The basic idea is that you prove it's correct for number n and n+1 and thus proving it is true.

The book I'm using is doing it like this :
F( n + 1 ) = F( n ) + F ( n - 1) ( the formula for finding Fibonacci number n + 1

F( n + 1 ) < ( ( 5 / 3 ) ^ n ) + ( ( 5 /3 ) ^ ( n - 1 ) This makes sense to me. The first and second part after the < directly follows the above example

... < ( 3 / 5 ) ( 5 / 3 ) ^ ( n + 1 ) + ( ( 3 / 5 ) ^ 2 ) ( 5 / 3 ) ^ ( n + 1 )
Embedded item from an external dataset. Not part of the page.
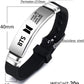 2 Pack BTS Merch Bracelets, BTS Charm Silicone Bracelets Jewelry for gifts
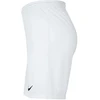 Nike Park III Knit Jr BV6865-100 šortai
Here is where I'm confused. Where does ( 3 / 5 ) come form? Why the ^ 2? And why are both raised to n + 1. ( Color added to highlight matching parenthesis )

Does anybody know? I kinda think I'm just missing an obvious rule or something. But I'm really confused about this.

The same numbers, but with different parenthesis if that helps anyone.
... < ( ( ( 3 / 5 ) ( 5 / 3 ) ) ^ ( k + 1 ) ) + ( ( ( ( 3 / 5 ) ^ 2 ) ( 5 / 3 ) ) ^ ( n + 1 ) )

5/3 ^ -1 = 3/5

They introduced 5/3^-1 so that they can increase n on the right side of the equation, so that the left and right side of the equation are in terms
of (n+1)

So, ... ( 3 / 5 ) ( 5 / 3 ) ^ ( n + 1 ) <---- the 5/3^-1 = 3/5 was added so this became 'n+1' to be the same as the left side of the equation of 'n+1'

and .... ( ( 3 / 5 ) ^ 2 ) ( 5 / 3 ) ^ ( n + 1 ) <------ 5/3 ^ -2 = (3/5) ^ 2 was added for this to become 'n+1' to be the same as the left side of the equation

So, they just converted the the right side to 'n+1'

it based on the distributive property of exponentiation


[youtube]http://www.youtube.com/watch?v=XYP4ejodBeY[/youtube]

Is this correct
Multiplying the term with ( 5 / 3 ) ^ -1
1. They first multiply ( 5 / 3 ) ^ n with ( 5 / 3 ) making it ( 5 / 3 ) ^ ( n + 1 )
2. Then they multiply the result of that with ( 5 / 3 ) ^ -1 which is 3 / 5
And now the term is ( 3 / 5 ) ( 5 / 3 ) ^ ( n + 1 )?
Somehow I would think ( 5 / 3 ) ^ -1 to be evaluated first, making the term ( 3 / 5 ) ( 5 / 3 ) ^ n.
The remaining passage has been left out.